とりあえず、積もる話しは後にして駅前の洋食屋に入る。
「長谷川様、ようこそおいで下さいました。」
予約してないにも関わらず、既に司の顔知られているらしく、個室の一等席を用意してもらえた。

「さすが司さん、既に顔で部屋が取れるんですね!」
司を尊敬する正利はまるで自分の事のように、喜んでいる。

「何度か接待で使った事があるからだ。まだまだ、この街は知らない場所ばかりだ。」
当の本人は素っ気ない対応だ。

それでも莉子と亜子に席を先に勧めるあたり、西洋で培ったレディーファーストが板に付いている。

「好きなものを何でも注文してくれればいい。」
司は2人にメニューを渡し選ばせてくれる。

「お勧めは何ですか?」

莉子が何げ無く聞いている。
それを亜子はハラハラした気持ちで見つめていた。いつこの男の逆鱗に触れるのか…怒らせたらどんな仕打ちがあるのか…。
姉の身を本気で案じているのだ。

「俺はいつも、ハンバーグかステーキだけど、この前接待で連れて行った西洋のご婦人は、クリームコロッケが絶品だと言っていた。」

「クリームコロッケですか?食べた事ないです。コロッケみたいな感じなのですか?」
妹の気持ちなんて全く知らない莉子は、楽しそうな眼差しで司と会話を楽しんでいる。

「グラタンのようなものがコロッケみたいになってるらしい。甘党の莉子なら気に入りそうだ。」

穏やかに話す司は淡々としているが、今のところ平常心に見える。
「じゃあ、私はクリームコロッケにします。亜子ちゃんは?」

「オムライスにします。」
即答する亜子は、洋食と言ったらいつもオムライスと決めている。

「さすが亜子だな。僕はハンバーグにしようかな。」
正利は憧れの司が食べる物を食べてみたいと思う。

亜子は無駄話し一度もしない。
まるで初めて会った頃の莉子の様だと司は思う。

「亜子ちゃんは体調もう大丈夫なの?」
莉子は会えなかった6年間を埋めたいと、一生懸命話しかけている。対照的姉妹を見ながら司は正利と仕事についての近況を話す。

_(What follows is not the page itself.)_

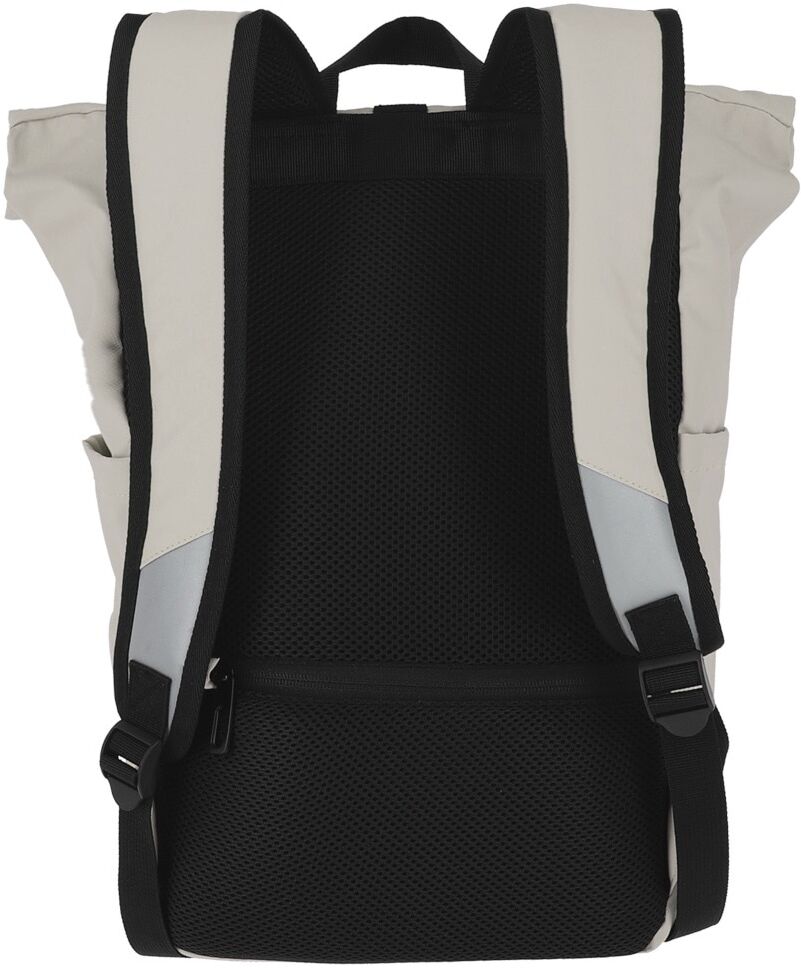 Freizeitrucksack TRAVELITE "BASICS Roll-Up Rucksack aus Plane", Damen, Gr. B/H/T: 26cm x 60cm x 15cm, beige (elfenbein), Polyester, unifarben, Rucksäcke Freizeitrucksack, mit variablem Roll-Up-Verschluss elfenbein B/H/T: 26cm x 60cm x 15cm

熱心にメモまで取っているところを見ると、先が楽しみだなと司は思う。

「横浜支店は海外貿易が主だと聞きましたが、海外出張とかはないのですか?」

「現地に駐在所を置いてあるから、三年交代で赴任してもらう社員がいる。英語の習得にもなるからな。」

正利は目を輝かせて聞いてくる。
「それは志願出来ますか?」

「外国に行きたいのか?」

「はい、是非行きたいです。司さんもアメリカに3年行っていて、その頃から業績が伸びたと聞きました。」

「業績が伸びたのはたまたまだ。アメリカが日本のシルクに目を付けていたからそれで伸びたんだ。」

自分の功績をひけらかす事なく、淡々と語る司がかっこいいと正利はますます憧れを抱く。

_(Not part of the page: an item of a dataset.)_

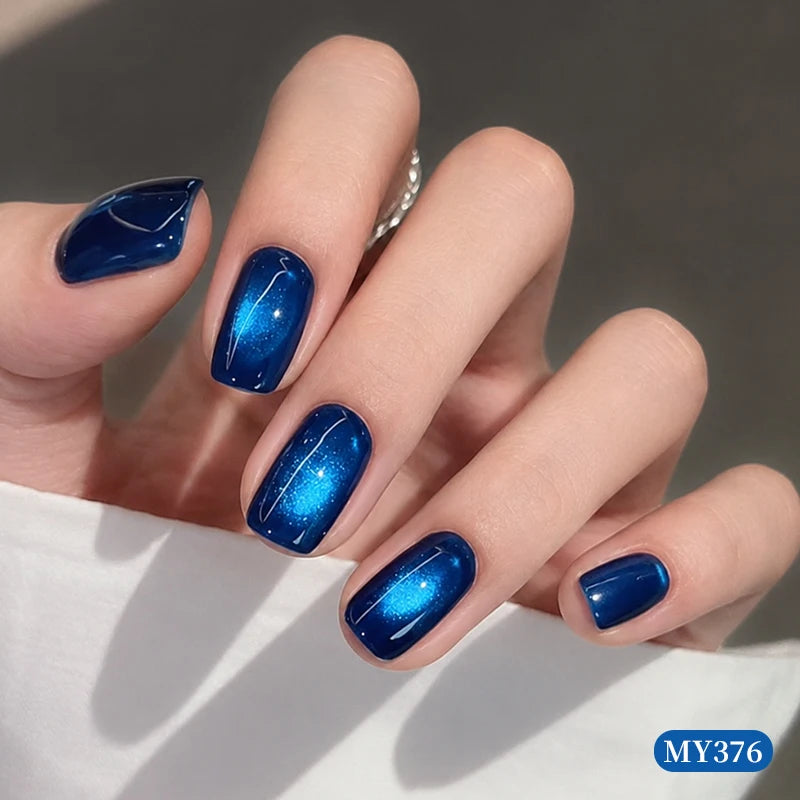 BORN PRETTY 10ml Blue Cat Magnetic Gel Nail Polish for Summer Semi Permanent UV Gel Varnish Soak Off Nail Supplies Manicure DIY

莉子にとって初めて聞く仕事の話しはとても新鮮で、出会う前の司を知る事が出来てとても嬉しく思う。

「司さんは英語をお話しになられるんですか?」
莉子の目もまた輝いている。

「3年居れば誰だって嫌でも話せるようになる。正利君が海外赴任希望なら、営業の方に伝えておく。今からだったら来年辺り行けるかもしれない。」

「本当ですか!嬉しいです。よろしくお願いします。」

二つ返事で正利は行く気満々だ。だけど、そうなると亜子は1人になってしまう。今年数えで14歳、来年15歳になったとしてもまだ未成年だ。莉子はそう思うと心配になって来る。